Transcribe the records below exactly.

● Data extracts
* * * *

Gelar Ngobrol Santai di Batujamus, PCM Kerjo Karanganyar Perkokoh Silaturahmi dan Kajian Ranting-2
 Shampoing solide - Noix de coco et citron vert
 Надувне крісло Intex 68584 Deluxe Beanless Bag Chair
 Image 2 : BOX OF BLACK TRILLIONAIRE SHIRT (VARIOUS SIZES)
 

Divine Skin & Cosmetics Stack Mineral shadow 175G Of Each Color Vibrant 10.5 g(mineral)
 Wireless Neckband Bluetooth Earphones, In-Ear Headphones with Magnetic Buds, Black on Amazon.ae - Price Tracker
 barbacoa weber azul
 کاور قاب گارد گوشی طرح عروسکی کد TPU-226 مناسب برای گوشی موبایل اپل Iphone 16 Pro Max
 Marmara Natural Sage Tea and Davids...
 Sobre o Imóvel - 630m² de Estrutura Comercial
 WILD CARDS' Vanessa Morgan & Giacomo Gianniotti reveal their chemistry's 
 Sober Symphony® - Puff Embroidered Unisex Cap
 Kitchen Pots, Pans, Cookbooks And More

* * * *

● Solution to the exercise
Gelar Ngobrol Santai di Batujamus, PCM Kerjo Karanganyar Perkokoh Silaturahmi dan Kajian Ranting-2
 Shampoing solide - Noix de coco et citron vert
 Надувне крісло Intex 68584 Deluxe Beanless Bag Chair
 Image 2 : BOX OF BLACK TRILLIONAIRE SHIRT (VARIOUS SIZES)
 

Divine Skin & Cosmetics Stack Mineral shadow 175G Of Each Color Vibrant 10.5 g(mineral)
 Wireless Neckband Bluetooth Earphones, In-Ear Headphones with Magnetic Buds, Black on Amazon.ae - Price Tracker
 barbacoa weber azul
 کاور قاب گارد گوشی طرح عروسکی کد TPU-226 مناسب برای گوشی موبایل اپل Iphone 16 Pro Max
 Marmara Natural Sage Tea and Davids...
 Sobre o Imóvel - 630m² de Estrutura Comercial
 WILD CARDS' Vanessa Morgan & Giacomo Gianniotti reveal their chemistry's 
 Sober Symphony® - Puff Embroidered Unisex Cap
 Kitchen Pots, Pans, Cookbooks And More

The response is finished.